[Work order] What is needed is an exact repetition of the lines from the first one in the data through the line with "Back of house", with no pictures.

[Data provided]
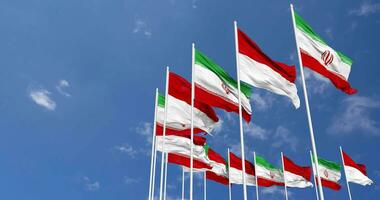 Indonesia and Iran Flags Waving Together in the Sky, Seamless Loop in Wind, Space on Left Side for Design or Information, 3D Rendering video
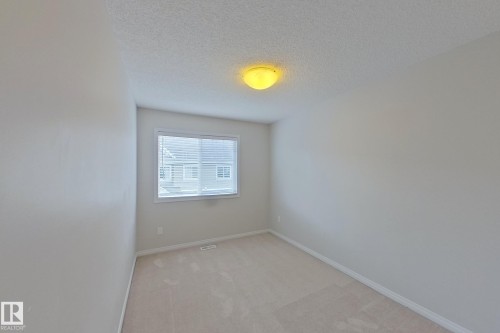 The room features light-colored carpeting, a window with horizontal blinds, and a flush mount ceiling light fixture - 87 4050 Savaryn Drive, Edmonton, AB - Indoor Photo Showing Other Room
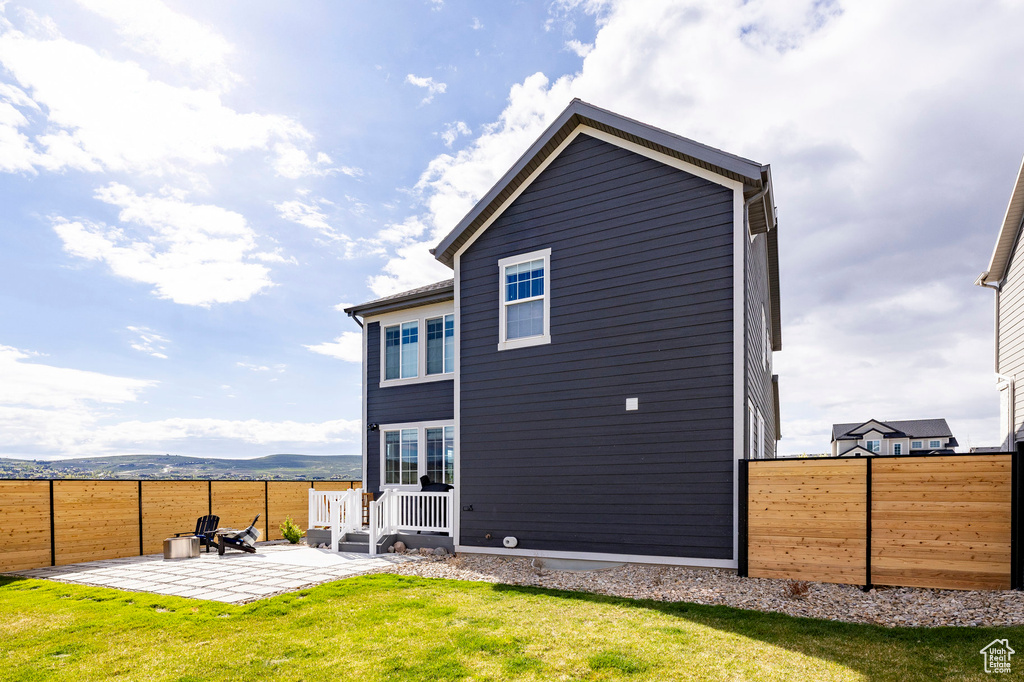 Back of house featuring a patio area and a mountain view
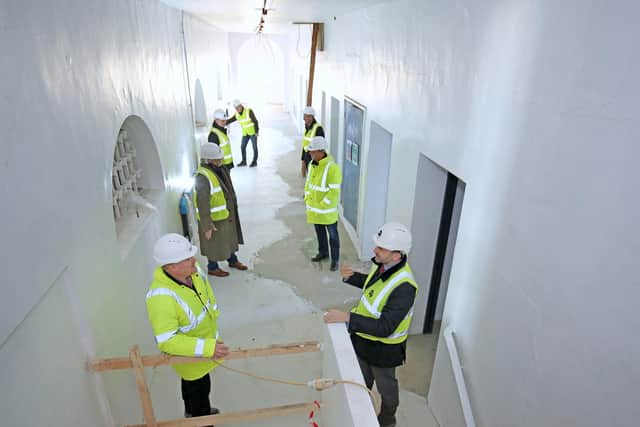Hambleton District Council Chief Executive Justin Ives, front left, chats with Wykeland Group Managing Director Dominic Gibbons as fellow representatives of the Treadmills joint venture partners tour the former Northallerton Prison female wing.
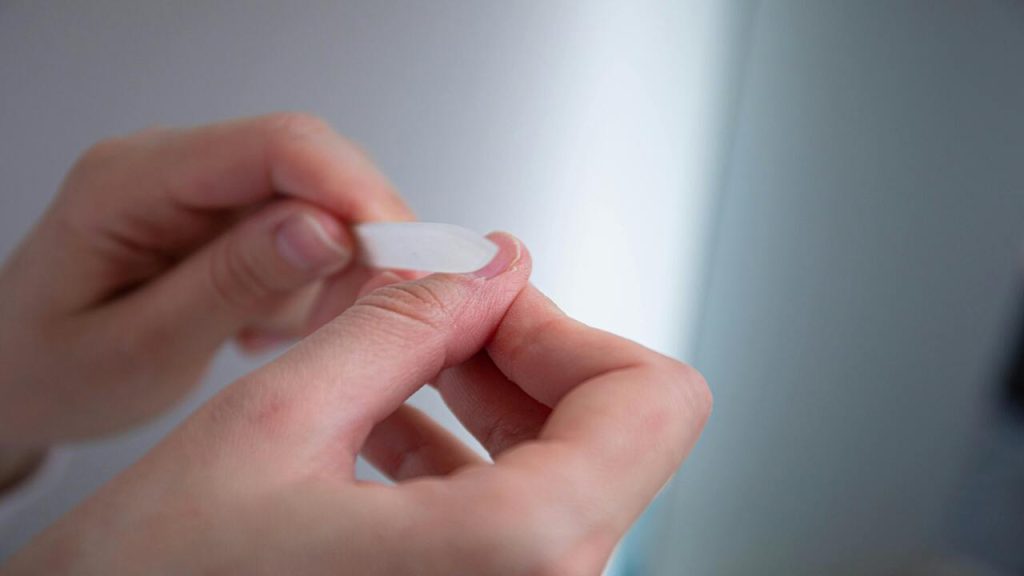 A person cleaning their nails.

[Completed exercise]
 Indonesia and Iran Flags Waving Together in the Sky, Seamless Loop in Wind, Space on Left Side for Design or Information, 3D Rendering video
 The room features light-colored carpeting, a window with horizontal blinds, and a flush mount ceiling light fixture - 87 4050 Savaryn Drive, Edmonton, AB - Indoor Photo Showing Other Room
 Back of house featuring a patio area and a mountain view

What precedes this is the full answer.